[Information]:
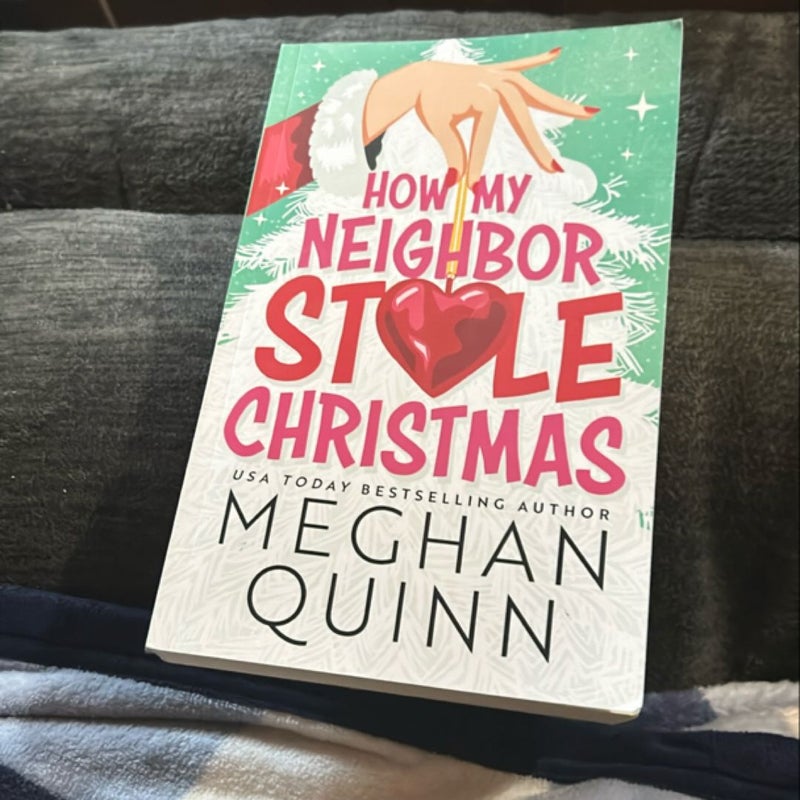 How My Neighbor Stole Christmas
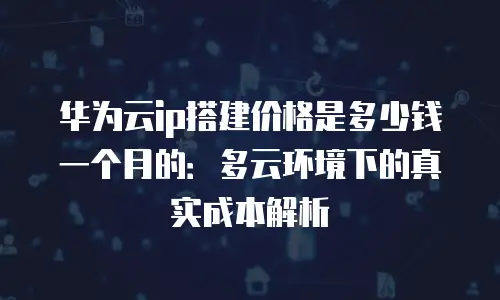 华为云ip搭建价格是多少钱一个月的：多云环境下的真实成本解析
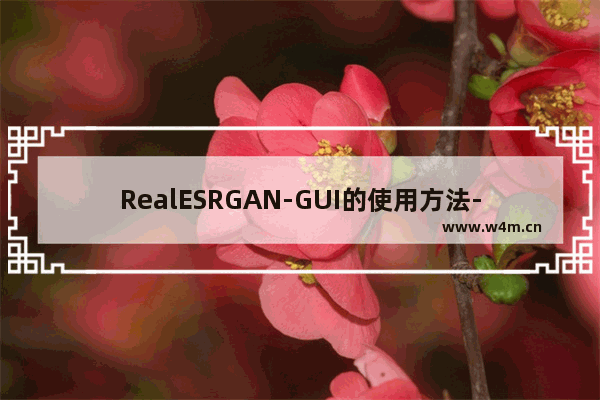 RealESRGAN-GUI的使用方法-RealESRGAN-GUI怎么放大图片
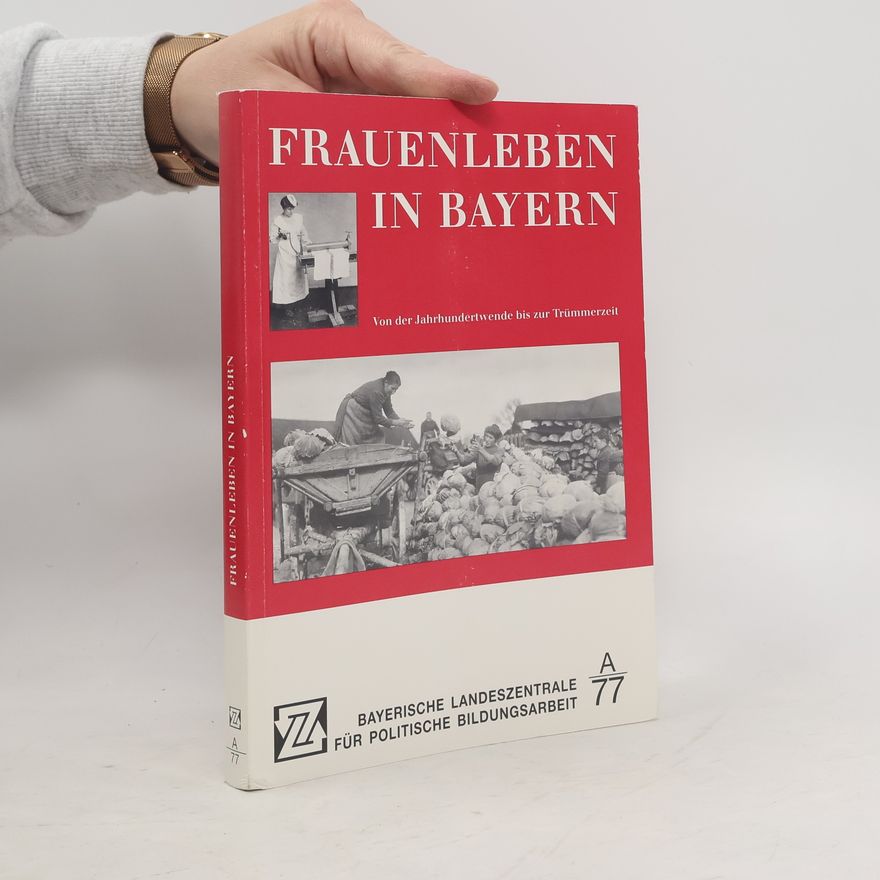 Sybille Krafft Frauenleben in Bayern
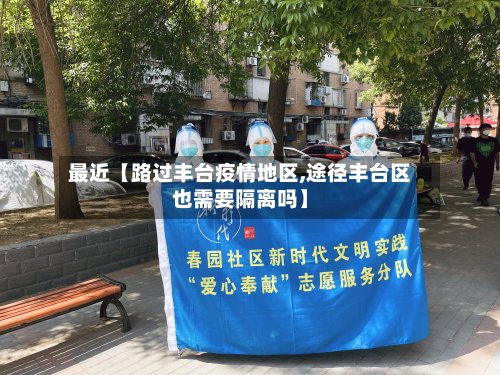 最近【路过丰台疫情地区,途径丰台区也需要隔离吗】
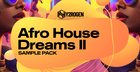 Afro House Dreams 2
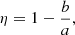 $$ \begin{aligned} \eta = 1-\frac{b}{a}, \end{aligned} $$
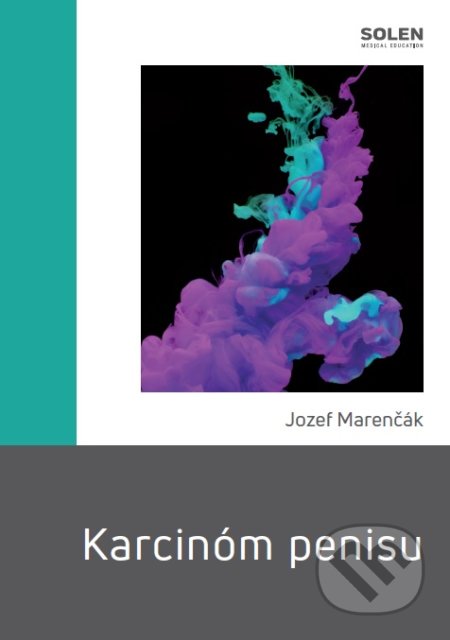 Karcinóm penisu - Jozef Marenčák, Solen, 2019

[Task instructions]: Restate the full listing word for word, excluding images.

[Task output]:
 How My Neighbor Stole Christmas
 华为云ip搭建价格是多少钱一个月的：多云环境下的真实成本解析
 RealESRGAN-GUI的使用方法-RealESRGAN-GUI怎么放大图片
 Sybille Krafft Frauenleben in Bayern
 最近【路过丰台疫情地区,途径丰台区也需要隔离吗】
 Afro House Dreams 2
 $$ \begin{aligned} \eta = 1-\frac{b}{a}, \end{aligned} $$
 Karcinóm penisu - Jozef Marenčák, Solen, 2019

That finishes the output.